— WHAT IS EXPECTED —
Write each of the records out again exactly.

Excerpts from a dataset
□ □ □ □ □

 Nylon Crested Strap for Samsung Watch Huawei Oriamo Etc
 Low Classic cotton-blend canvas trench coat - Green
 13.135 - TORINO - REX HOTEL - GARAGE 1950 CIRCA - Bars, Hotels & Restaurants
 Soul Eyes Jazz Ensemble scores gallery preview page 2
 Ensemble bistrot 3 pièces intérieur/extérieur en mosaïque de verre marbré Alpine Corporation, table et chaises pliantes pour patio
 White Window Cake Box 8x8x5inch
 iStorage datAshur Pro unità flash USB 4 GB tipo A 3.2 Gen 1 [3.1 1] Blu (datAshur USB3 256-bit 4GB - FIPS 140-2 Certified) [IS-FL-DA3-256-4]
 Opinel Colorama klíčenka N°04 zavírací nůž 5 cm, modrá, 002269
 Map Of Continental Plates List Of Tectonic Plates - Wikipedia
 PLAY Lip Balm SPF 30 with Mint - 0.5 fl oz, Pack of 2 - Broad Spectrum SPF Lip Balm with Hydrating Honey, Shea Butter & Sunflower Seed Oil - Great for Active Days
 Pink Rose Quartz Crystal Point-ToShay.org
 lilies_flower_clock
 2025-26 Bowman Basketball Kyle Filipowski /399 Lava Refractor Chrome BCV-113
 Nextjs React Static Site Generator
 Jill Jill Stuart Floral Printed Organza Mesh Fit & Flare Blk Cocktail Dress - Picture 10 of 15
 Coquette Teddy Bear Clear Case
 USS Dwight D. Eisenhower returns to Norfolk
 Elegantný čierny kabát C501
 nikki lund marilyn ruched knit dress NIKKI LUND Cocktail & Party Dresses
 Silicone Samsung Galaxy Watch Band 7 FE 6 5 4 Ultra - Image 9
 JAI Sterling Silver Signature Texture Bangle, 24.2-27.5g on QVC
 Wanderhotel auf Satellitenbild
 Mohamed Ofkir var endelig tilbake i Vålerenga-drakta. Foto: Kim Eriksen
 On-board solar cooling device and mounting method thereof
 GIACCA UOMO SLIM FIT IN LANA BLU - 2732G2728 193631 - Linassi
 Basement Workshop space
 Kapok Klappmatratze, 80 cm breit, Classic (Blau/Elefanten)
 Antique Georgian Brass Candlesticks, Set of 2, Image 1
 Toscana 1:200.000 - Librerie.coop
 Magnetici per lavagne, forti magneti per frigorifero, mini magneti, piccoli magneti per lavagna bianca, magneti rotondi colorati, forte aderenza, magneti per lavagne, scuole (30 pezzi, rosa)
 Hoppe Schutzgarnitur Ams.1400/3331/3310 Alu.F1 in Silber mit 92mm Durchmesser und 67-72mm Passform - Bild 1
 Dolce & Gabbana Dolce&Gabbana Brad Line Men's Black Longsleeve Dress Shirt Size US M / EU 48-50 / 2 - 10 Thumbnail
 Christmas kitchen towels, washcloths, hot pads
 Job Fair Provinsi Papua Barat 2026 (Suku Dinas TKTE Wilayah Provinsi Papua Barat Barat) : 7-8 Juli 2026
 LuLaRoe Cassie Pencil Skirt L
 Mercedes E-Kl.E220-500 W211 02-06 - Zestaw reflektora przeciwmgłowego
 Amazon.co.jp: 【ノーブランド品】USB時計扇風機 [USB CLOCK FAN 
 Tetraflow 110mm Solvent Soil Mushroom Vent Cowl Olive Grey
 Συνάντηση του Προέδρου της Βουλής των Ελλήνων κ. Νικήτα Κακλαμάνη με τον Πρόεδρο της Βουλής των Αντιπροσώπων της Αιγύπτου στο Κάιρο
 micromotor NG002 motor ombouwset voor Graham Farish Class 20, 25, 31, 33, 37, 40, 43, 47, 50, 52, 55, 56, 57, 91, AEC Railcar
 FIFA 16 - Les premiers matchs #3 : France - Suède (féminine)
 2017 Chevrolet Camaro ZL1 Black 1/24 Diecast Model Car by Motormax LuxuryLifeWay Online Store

□ □ □ □ □

— EXERCISE RESPONSE —
 Nylon Crested Strap for Samsung Watch Huawei Oriamo Etc
 Low Classic cotton-blend canvas trench coat - Green
 13.135 - TORINO - REX HOTEL - GARAGE 1950 CIRCA - Bars, Hotels & Restaurants
 Soul Eyes Jazz Ensemble scores gallery preview page 2
 Ensemble bistrot 3 pièces intérieur/extérieur en mosaïque de verre marbré Alpine Corporation, table et chaises pliantes pour patio
 White Window Cake Box 8x8x5inch
 iStorage datAshur Pro unità flash USB 4 GB tipo A 3.2 Gen 1 [3.1 1] Blu (datAshur USB3 256-bit 4GB - FIPS 140-2 Certified) [IS-FL-DA3-256-4]
 Opinel Colorama klíčenka N°04 zavírací nůž 5 cm, modrá, 002269
 Map Of Continental Plates List Of Tectonic Plates - Wikipedia
 PLAY Lip Balm SPF 30 with Mint - 0.5 fl oz, Pack of 2 - Broad Spectrum SPF Lip Balm with Hydrating Honey, Shea Butter & Sunflower Seed Oil - Great for Active Days
 Pink Rose Quartz Crystal Point-ToShay.org
 lilies_flower_clock
 2025-26 Bowman Basketball Kyle Filipowski /399 Lava Refractor Chrome BCV-113
 Nextjs React Static Site Generator
 Jill Jill Stuart Floral Printed Organza Mesh Fit & Flare Blk Cocktail Dress - Picture 10 of 15
 Coquette Teddy Bear Clear Case
 USS Dwight D. Eisenhower returns to Norfolk
 Elegantný čierny kabát C501
 nikki lund marilyn ruched knit dress NIKKI LUND Cocktail & Party Dresses
 Silicone Samsung Galaxy Watch Band 7 FE 6 5 4 Ultra - Image 9
 JAI Sterling Silver Signature Texture Bangle, 24.2-27.5g on QVC
 Wanderhotel auf Satellitenbild
 Mohamed Ofkir var endelig tilbake i Vålerenga-drakta. Foto: Kim Eriksen
 On-board solar cooling device and mounting method thereof
 GIACCA UOMO SLIM FIT IN LANA BLU - 2732G2728 193631 - Linassi
 Basement Workshop space
 Kapok Klappmatratze, 80 cm breit, Classic (Blau/Elefanten)
 Antique Georgian Brass Candlesticks, Set of 2, Image 1
 Toscana 1:200.000 - Librerie.coop
 Magnetici per lavagne, forti magneti per frigorifero, mini magneti, piccoli magneti per lavagna bianca, magneti rotondi colorati, forte aderenza, magneti per lavagne, scuole (30 pezzi, rosa)
 Hoppe Schutzgarnitur Ams.1400/3331/3310 Alu.F1 in Silber mit 92mm Durchmesser und 67-72mm Passform - Bild 1
 Dolce & Gabbana Dolce&Gabbana Brad Line Men's Black Longsleeve Dress Shirt Size US M / EU 48-50 / 2 - 10 Thumbnail
 Christmas kitchen towels, washcloths, hot pads
 Job Fair Provinsi Papua Barat 2026 (Suku Dinas TKTE Wilayah Provinsi Papua Barat Barat) : 7-8 Juli 2026
 LuLaRoe Cassie Pencil Skirt L
 Mercedes E-Kl.E220-500 W211 02-06 - Zestaw reflektora przeciwmgłowego
 Amazon.co.jp: 【ノーブランド品】USB時計扇風機 [USB CLOCK FAN 
 Tetraflow 110mm Solvent Soil Mushroom Vent Cowl Olive Grey
 Συνάντηση του Προέδρου της Βουλής των Ελλήνων κ. Νικήτα Κακλαμάνη με τον Πρόεδρο της Βουλής των Αντιπροσώπων της Αιγύπτου στο Κάιρο
 micromotor NG002 motor ombouwset voor Graham Farish Class 20, 25, 31, 33, 37, 40, 43, 47, 50, 52, 55, 56, 57, 91, AEC Railcar
 FIFA 16 - Les premiers matchs #3 : France - Suède (féminine)
 2017 Chevrolet Camaro ZL1 Black 1/24 Diecast Model Car by Motormax LuxuryLifeWay Online Store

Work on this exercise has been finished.